[Records from a data source]
····················

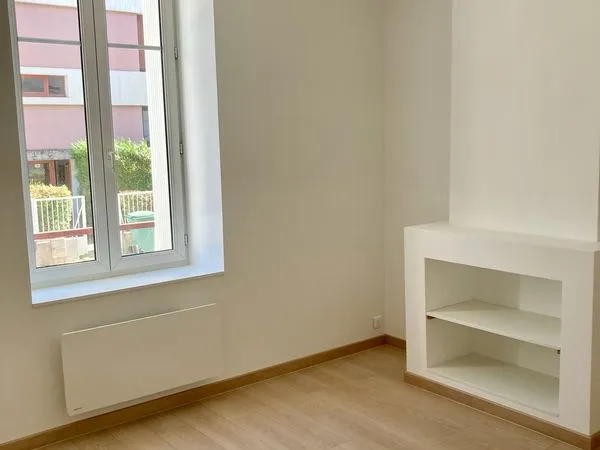 Particulier loue T1 entièrement rénové, 28 m², proche gare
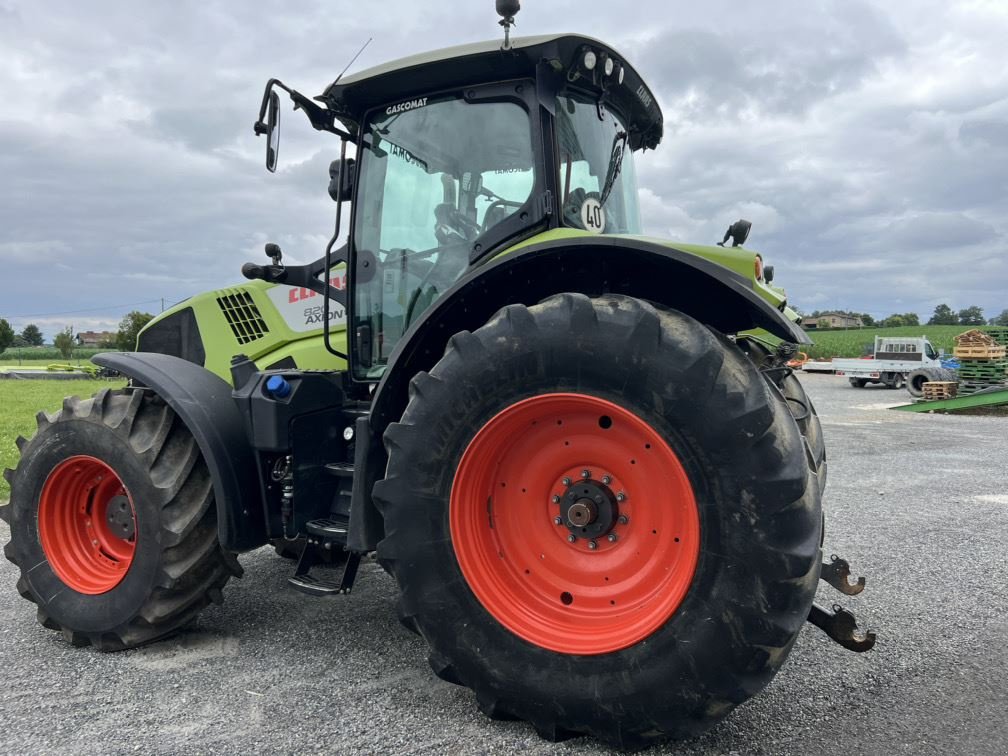 Traktor du type CLAAS AXION 820 CIS, Gebrauchtmaschine en Aubiet (Photo 4)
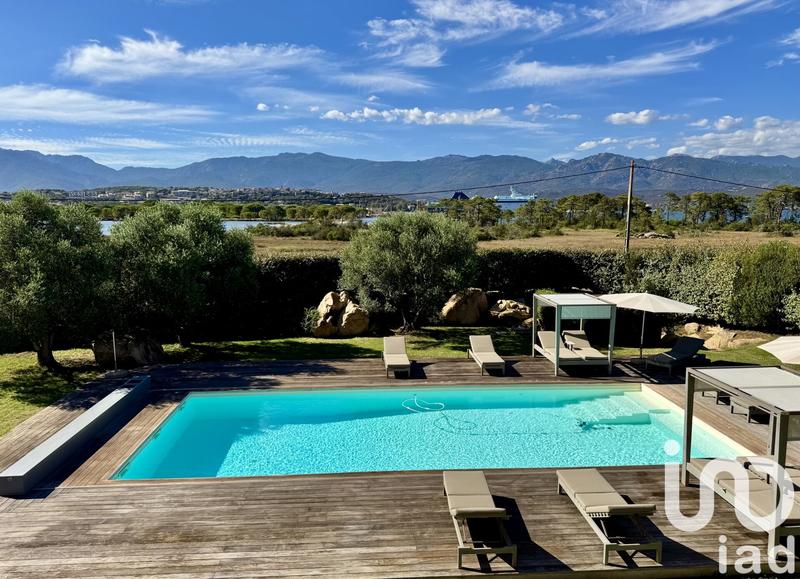 Maison - 243 m² - 5 pièces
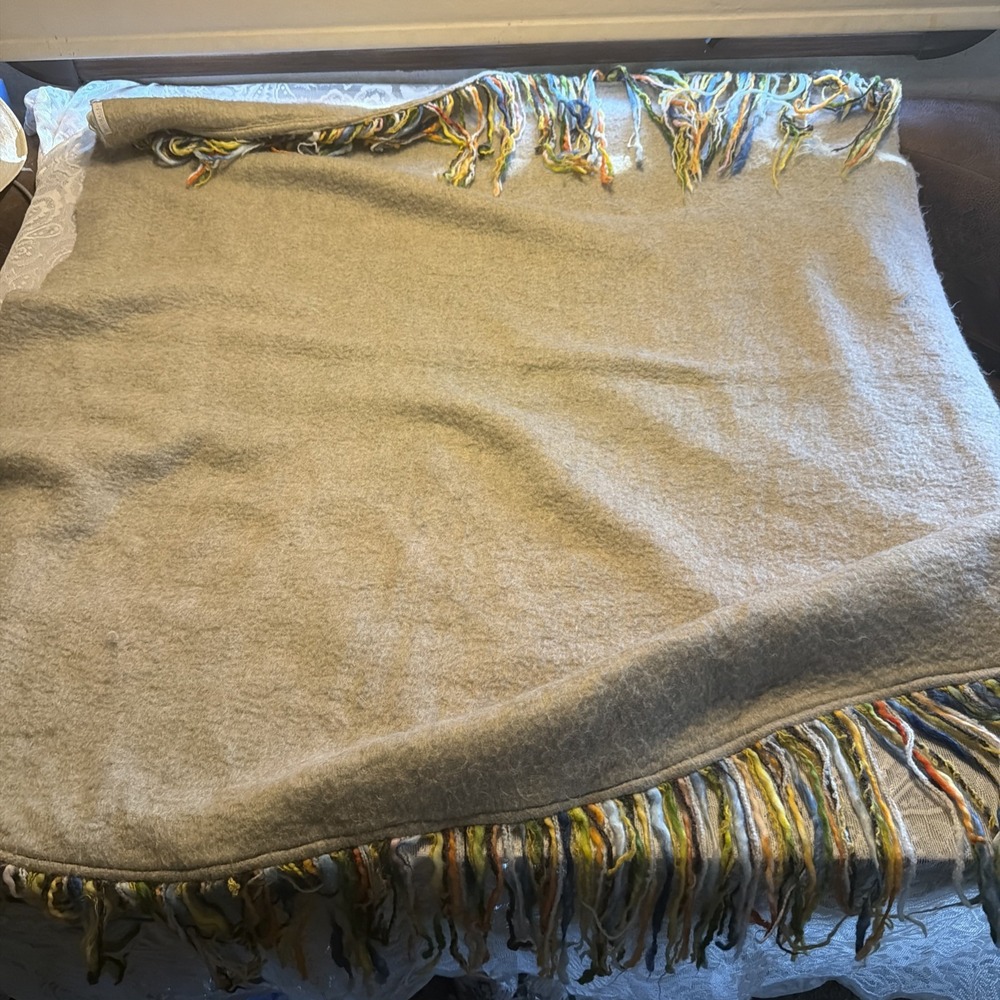 Shiraleah Tan Multicolor Long Fringe Throw 46/48 Acrylic/Wool Cozy Boho 🫶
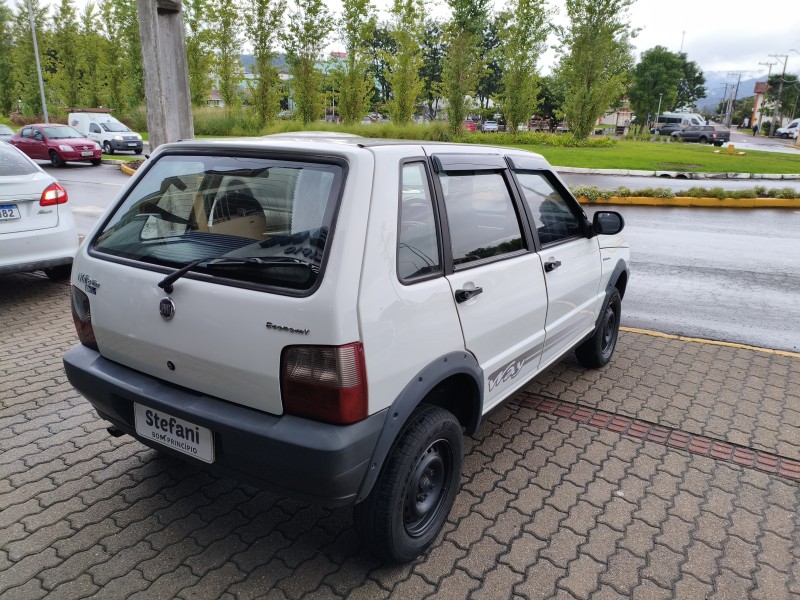 UNO 1.0 MPI MILLE WAY ECONOMY 8V FLEX 4P MANUAL - 2013 - BOM PRINCíPIO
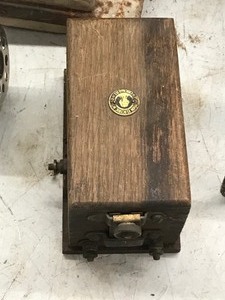 lot 406 image: Tub of Vintage items and more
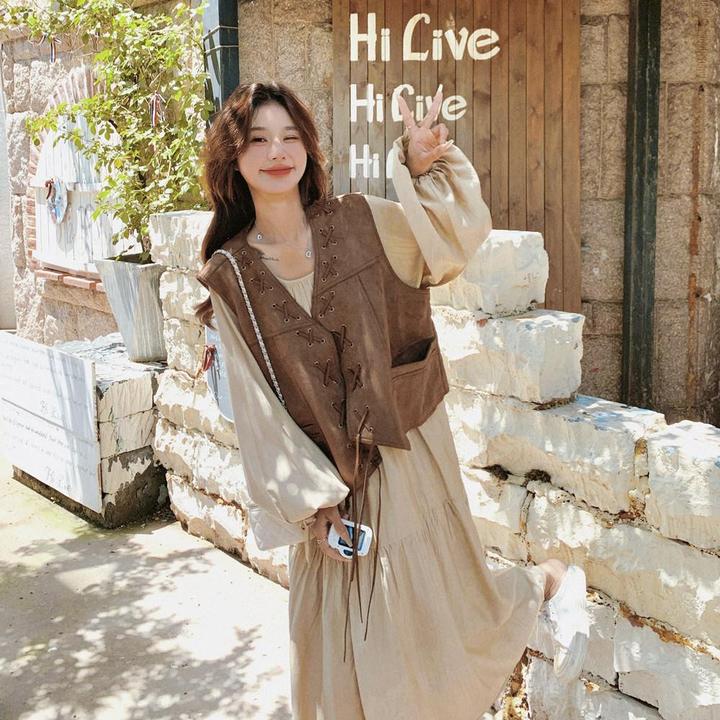 温柔风马甲套装连衣裙女春秋韩系慵懒风清冷感度假田园美式两件套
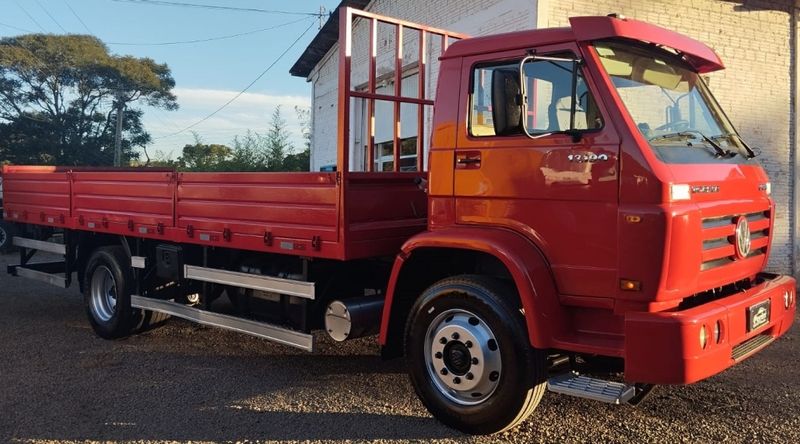 Volkswagen 13190 VW 3-190 E Worker Carr Metálica 2013/2013 CAMINHÕES & CAMIONETAS PASSO FUNDO / Carros no Vale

····················

What you should do: The line containing "Traktor du type" and every line after it, through the end of the records, are what you should retype exactly. Do not include the pictures.

Solution to this problem:
 Traktor du type CLAAS AXION 820 CIS, Gebrauchtmaschine en Aubiet (Photo 4)
 Maison - 243 m² - 5 pièces
 Shiraleah Tan Multicolor Long Fringe Throw 46/48 Acrylic/Wool Cozy Boho 🫶
 UNO 1.0 MPI MILLE WAY ECONOMY 8V FLEX 4P MANUAL - 2013 - BOM PRINCíPIO
 lot 406 image: Tub of Vintage items and more
 温柔风马甲套装连衣裙女春秋韩系慵懒风清冷感度假田园美式两件套
 Volkswagen 13190 VW 3-190 E Worker Carr Metálica 2013/2013 CAMINHÕES & CAMIONETAS PASSO FUNDO / Carros no Vale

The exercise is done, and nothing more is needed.